[Assigned task]
Give the listing again word for word, excluding the pictures it contains.

[Data provided]
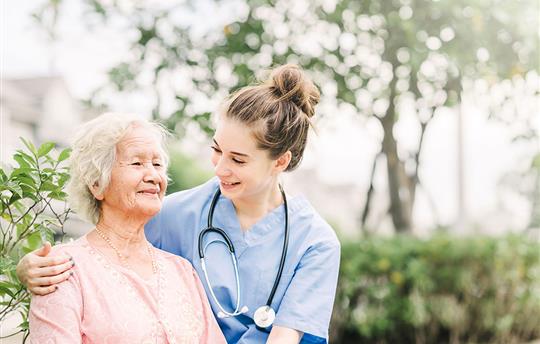 Young nurse in scrubs with her arm around an elderly patient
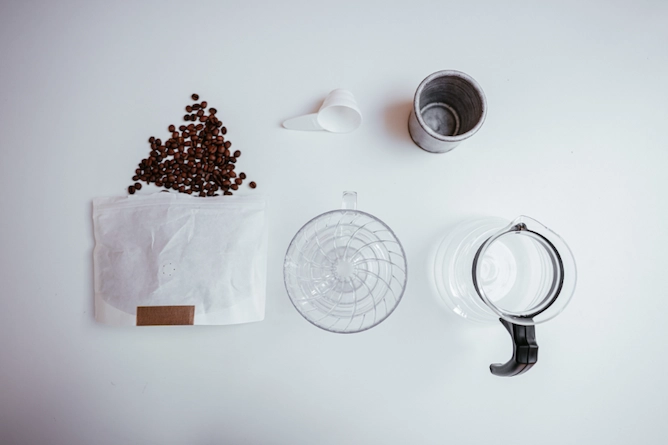em cima de uma mesa, um pacote de café em grãos com alguns grãos caindo para fora, o suporte V60, uma colher medidora, um copo e um vidro (o recipiente do V60)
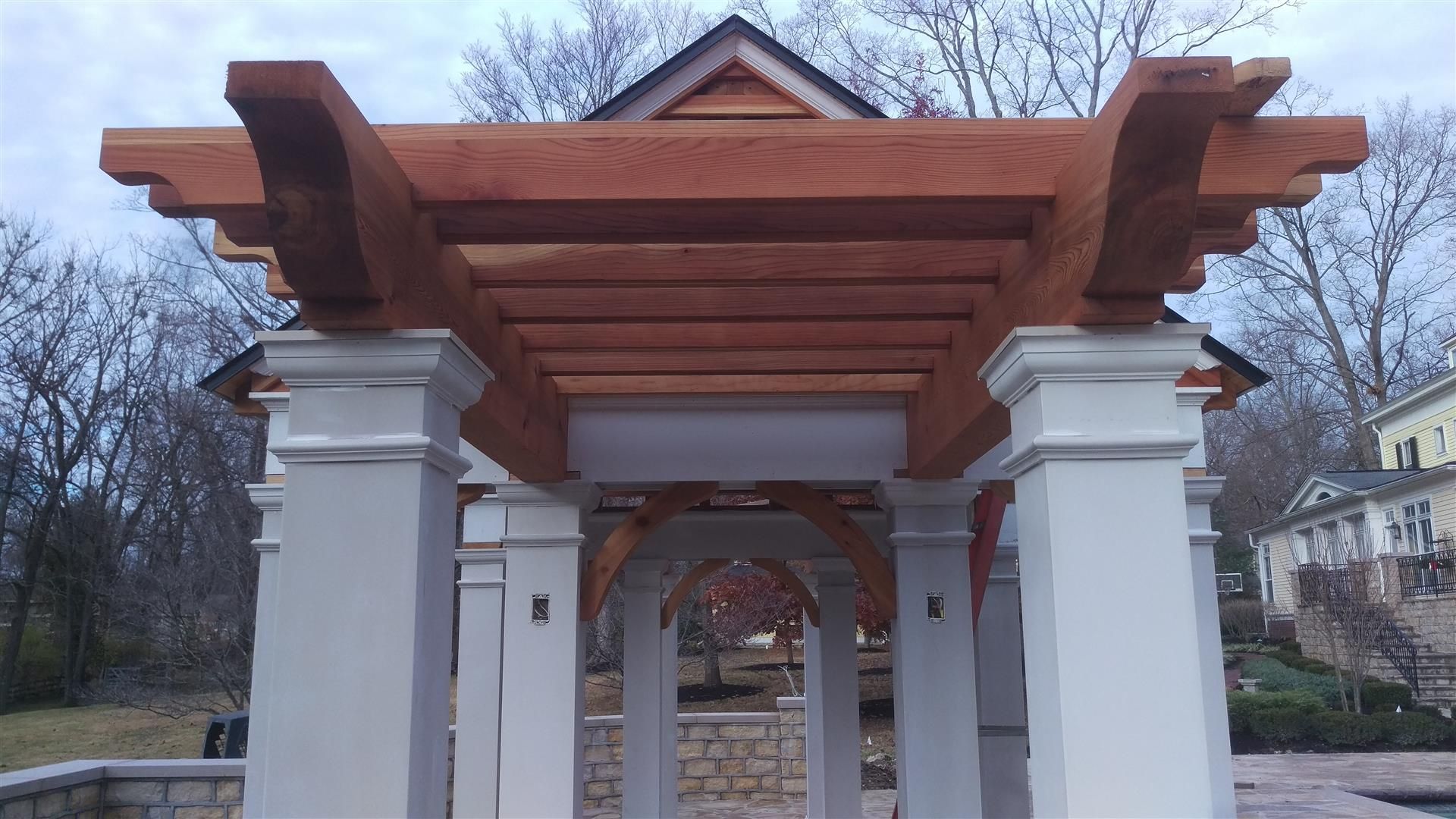 A wooden pergola is sitting on top of a white building.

[Reply to the task]
 Young nurse in scrubs with her arm around an elderly patient
em cima de uma mesa, um pacote de café em grãos com alguns grãos caindo para fora, o suporte V60, uma colher medidora, um copo e um vidro (o recipiente do V60)
 A wooden pergola is sitting on top of a white building.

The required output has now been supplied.